He did have a lot of facial hair, and chest hair, and arm hair, and leg hair.

OKAY, he was all hair, and hair meant he was not a boy. O_o

Beware the hair, mommas and poppas!

OF COURSE, I thought he was “the one”.

Father hates him? CHECK!

PERFECT!

That wasn’t really why I thought he was the one. I was young, but I was in love.
And contrary to all of my fathers…”instructions” let’s call them, I was certain that he was right for me.

I was only 15, but I was right.

***********

2003

I hit the big 2-1! I could now drink “legally”! Woohoo!

My high school sweetheart proposed on my 21st birthday, April Fool’s Day. Thankfully, it was not a prank!

But I wasn’t shocked.
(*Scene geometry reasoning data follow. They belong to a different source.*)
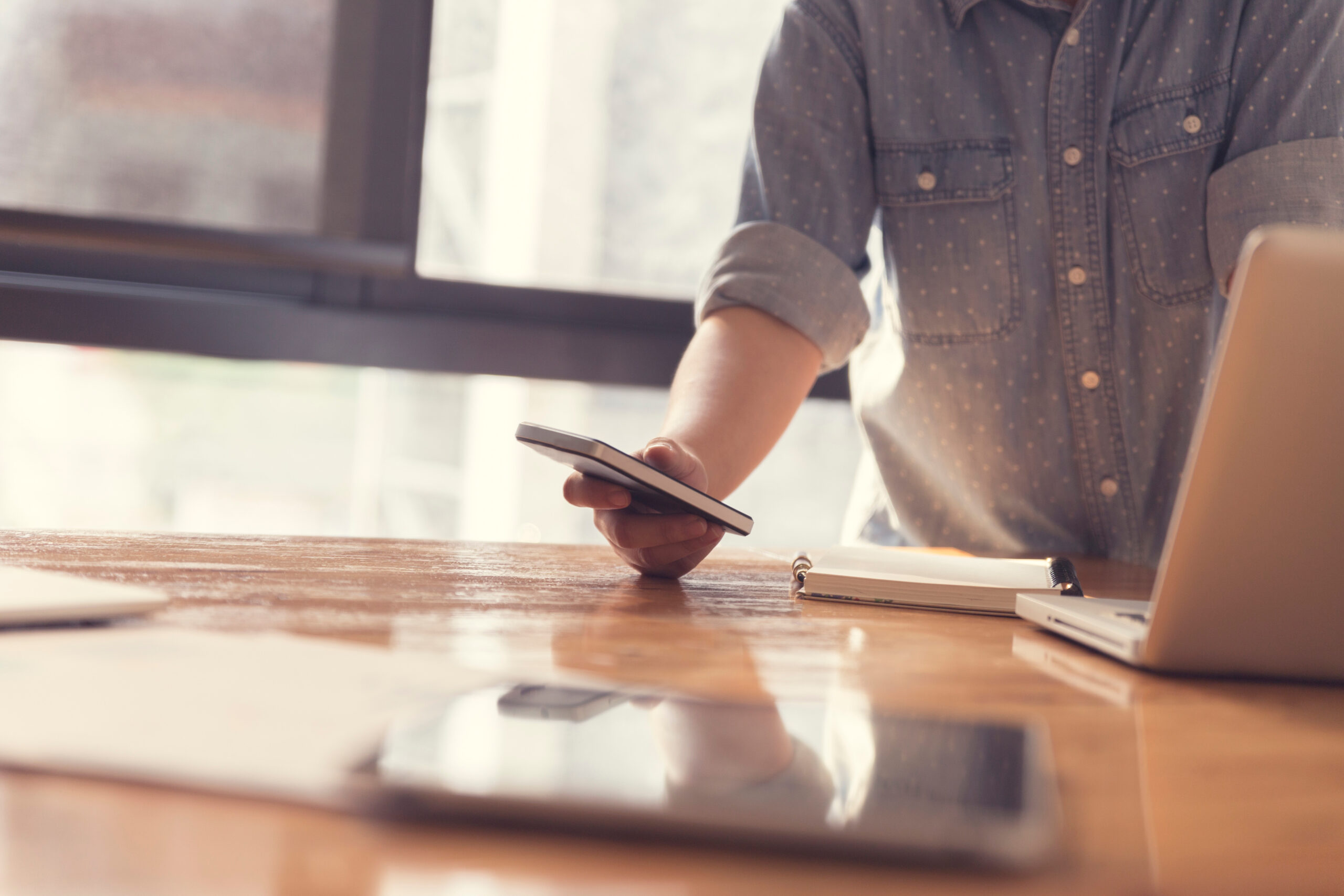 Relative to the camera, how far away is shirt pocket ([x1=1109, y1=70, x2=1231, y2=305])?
3.98 ft

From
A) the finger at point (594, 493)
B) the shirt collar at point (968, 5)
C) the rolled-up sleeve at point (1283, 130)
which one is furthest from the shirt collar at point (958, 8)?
the finger at point (594, 493)

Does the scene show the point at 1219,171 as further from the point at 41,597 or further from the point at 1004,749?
the point at 41,597

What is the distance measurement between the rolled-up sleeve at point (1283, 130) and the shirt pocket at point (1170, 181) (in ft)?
0.06

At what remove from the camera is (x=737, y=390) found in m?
1.10

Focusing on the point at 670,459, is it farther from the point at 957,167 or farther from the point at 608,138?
the point at 608,138

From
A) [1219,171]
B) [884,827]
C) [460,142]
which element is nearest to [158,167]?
[460,142]

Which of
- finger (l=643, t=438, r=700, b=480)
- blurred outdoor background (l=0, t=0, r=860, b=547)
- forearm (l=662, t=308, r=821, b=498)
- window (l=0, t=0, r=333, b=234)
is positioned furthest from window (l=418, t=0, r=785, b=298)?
finger (l=643, t=438, r=700, b=480)

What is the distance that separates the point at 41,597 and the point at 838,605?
1.59 feet

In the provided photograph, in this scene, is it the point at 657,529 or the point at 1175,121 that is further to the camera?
the point at 1175,121

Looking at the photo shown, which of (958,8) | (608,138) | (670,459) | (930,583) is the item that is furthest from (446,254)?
(930,583)

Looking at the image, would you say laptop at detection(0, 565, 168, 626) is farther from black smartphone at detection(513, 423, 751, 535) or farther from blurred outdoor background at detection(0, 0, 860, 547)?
blurred outdoor background at detection(0, 0, 860, 547)

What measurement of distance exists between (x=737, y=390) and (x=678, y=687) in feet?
2.12

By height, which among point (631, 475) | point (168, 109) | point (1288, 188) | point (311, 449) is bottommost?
point (311, 449)

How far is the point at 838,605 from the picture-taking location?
76 centimetres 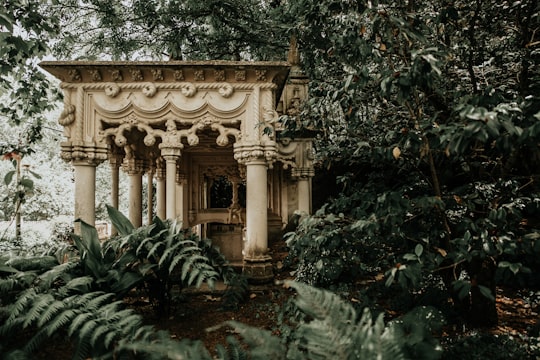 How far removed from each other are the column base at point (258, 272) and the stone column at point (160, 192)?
4376 millimetres

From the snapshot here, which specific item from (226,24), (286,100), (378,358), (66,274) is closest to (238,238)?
(286,100)

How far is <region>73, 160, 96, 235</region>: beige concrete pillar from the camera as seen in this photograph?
203 inches

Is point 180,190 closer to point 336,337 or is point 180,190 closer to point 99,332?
point 99,332

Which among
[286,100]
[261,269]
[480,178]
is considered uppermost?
[286,100]

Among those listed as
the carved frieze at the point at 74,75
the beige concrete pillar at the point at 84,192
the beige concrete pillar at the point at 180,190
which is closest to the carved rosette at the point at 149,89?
the carved frieze at the point at 74,75

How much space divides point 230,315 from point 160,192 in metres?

I did not break down in tears. Somewhere, there is footage on an old video camera that captured the moment. WHERE IS IT? I don’t know, but the important thing is: I. did. not. cry.

Am I heartless or cold-hearted? Some might say yes.

But I wasn’t. I didn’t cry because I wasn’t shocked. I loved him, and I knew he loved me. I wanted to get married eventually, but we had what mattered the most already- love and each other. So I said yes, slipped the ring on my finger, and we went upon our merry way.

We are now 10 years into the marriage and ready for Divorce…

HAHA! Just kidding. We’ve got 4 amazing kids, and I couldn’t be happier. I do cry a lot more these days, though. Once you have kids your hormones and emotions just spiral out of control. Okay, that could just be me… Moms?
My best friend is still that.

Our friendship was like a butterfly that reincarnated back to a larvae, and metamorphosed again after college. (I totally had to look up that word… Metamorphosed, doesn’t really roll off the tongue.)  We both got pregnant with our first child around the same time, and now our little caterpillars are going to grow up together. #Cliches #Metaphors

**********

Life can be exciting, but unpredictable.

My life is not perfect. It’s great; not perfect. But I am happy, nevertheless.

Do I ever question life, the whos, whys and whens? Yes, I’m only human, of course I do.

But I never regret, and I never wish to go back or relive.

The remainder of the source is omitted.